Naoroji is the first full biography of Dadabhai Naoroji. Born in India in 1825, Naorojimade his mark on both Indian and British politics: he was a founding member of the Indian National Congress as well as the first British MP of Indian origin. An activist throughout his life, he pioneered devastating critiques of British colonialism, served in the British Parliament as the first-ever Indian MP, he forged broad ties with anti-colonialists around the world, and established self-government or swaraj as India’s ultimate objective.
In this intensively researched biography, Patel chronicles how Naoroji’s political career evolved in three distinct phases. As a young man, he embarked upon a sustained economic critique of colonialism, formulating the drain theory, which held the British Raj directly responsible for India’s crippling poverty and a cycle of devastating famines that killed millions of Indians. His ideas upturned the conventional wisdom of the time that colonialism was beneficial for Indian subjects—and put a generation of imperial officials on the defensive.

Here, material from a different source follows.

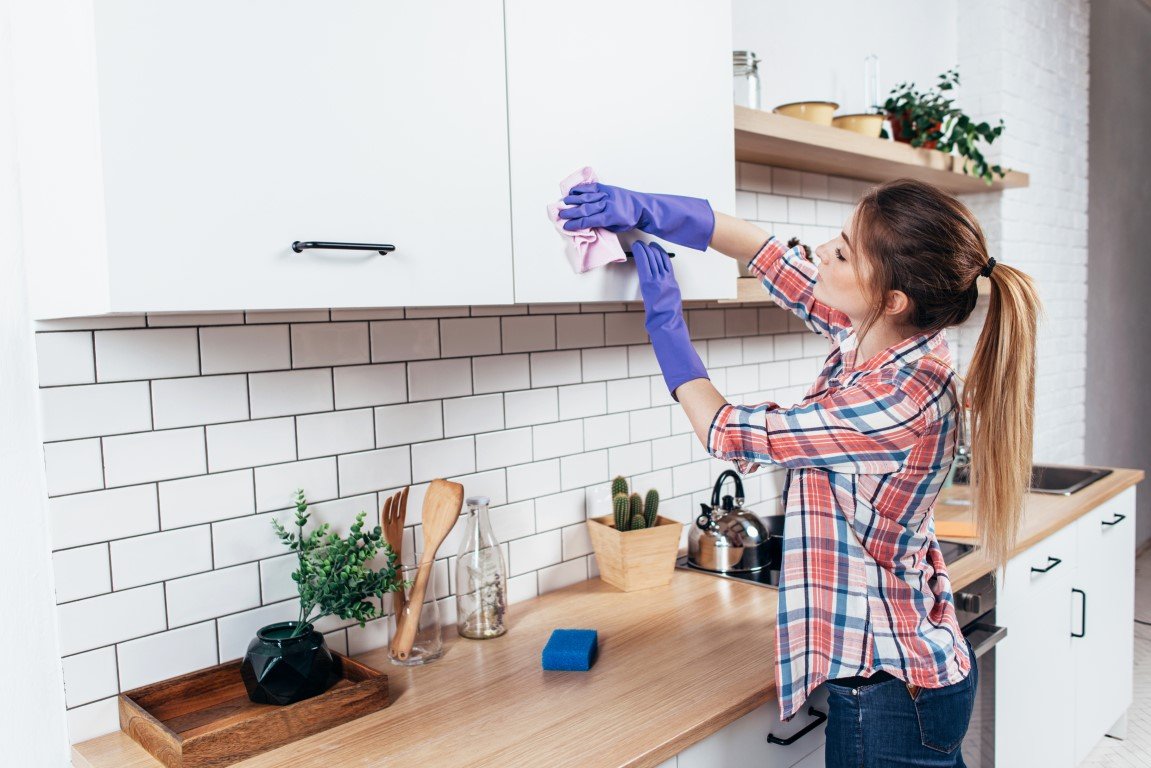 Six of the Best Kitchen Hacks to Save Time and Clean Faster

Naoroji attempted to influence the British Parliament to institute necessary political reforms for India. Having moved to England, he immersed himself in British politics, forging strong links with socialists, Irish home rulers, suffragists, and critics of empire. With these allies, Naoroji clinched his landmark election to the House of Commons in 1892, winning the seat of Finsbury Central. This event was noticed by colonial subjects around the world, with support pouring in from Ireland and South Africa.

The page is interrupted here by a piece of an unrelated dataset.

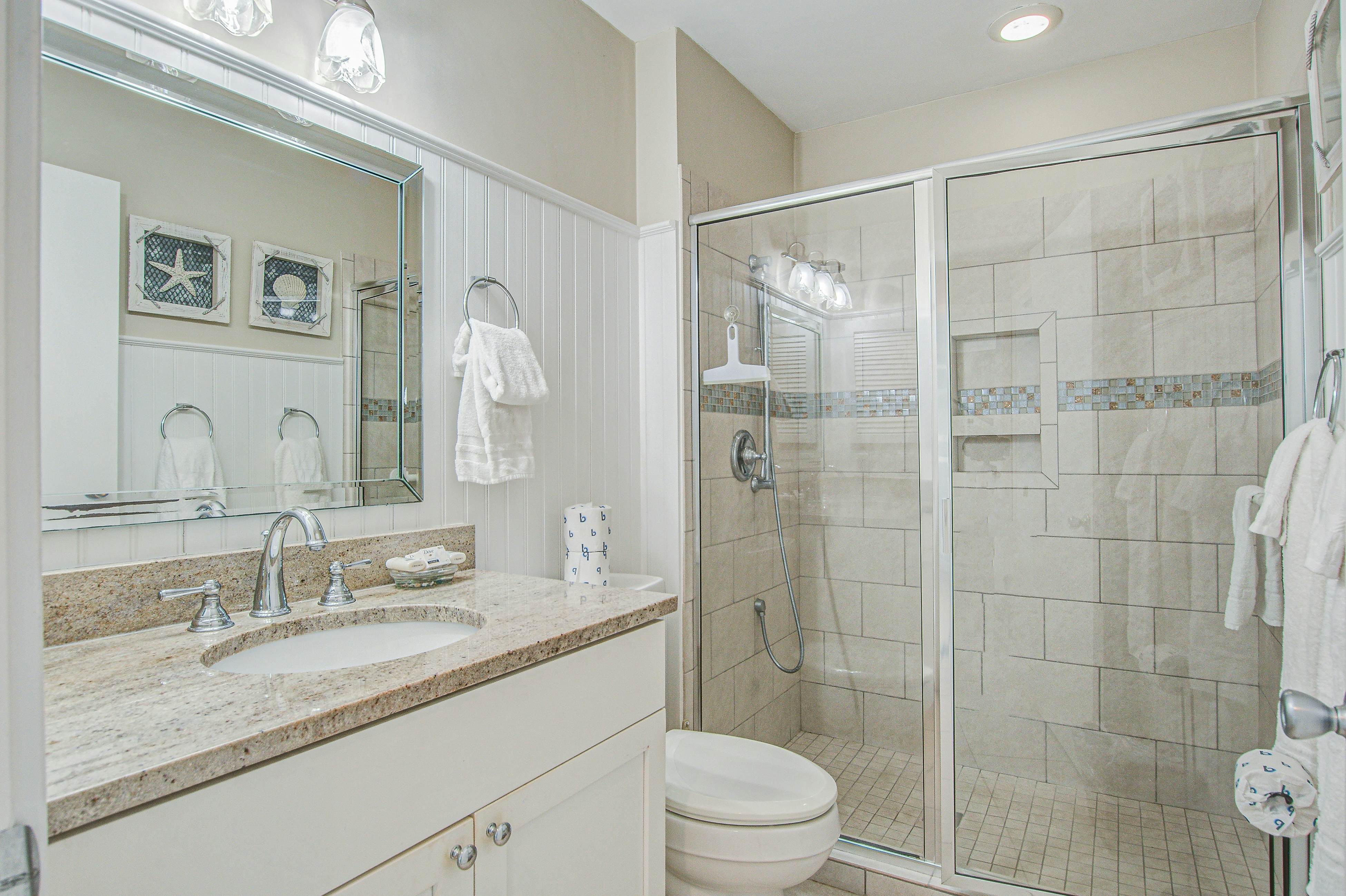 Top-floor Oceanfront Villa with spectacular ocean views - prime location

Despite his election, Naoroji had to battle against entrenched scepticism. He became disillusioned with parliamentary politics, and radicalised considerably in his later years. He strengthened his ties with British and European socialists, reached out to American anti-imperialists and Progressives, and fully enunciated his demand for swaraj, self-rule. Only self-government, he declared, could remedy the economic ills brought about by British rule in India. Patel’s biography chronicles the life and political beliefs of an extraordinary figure, tracing his influence on Indian politics, where his work inspired both Gandhi and Nehru, and the changes he brought about in British-Indian relations, as he catalysed the forces of anti-imperialism.
Dinyar Patel is Assistant Professor of History at the University of South Carolina. Whilst researching this book he worked in archives in four different countries, in particular consulting the Naoroji papers at the National Archives of India. Here he worked through about 15000 documents, personally cataloguing some of these and piecing together fragments of letters.
Patel has also previously written pieces on Indian history for both BBC News and The New York Times.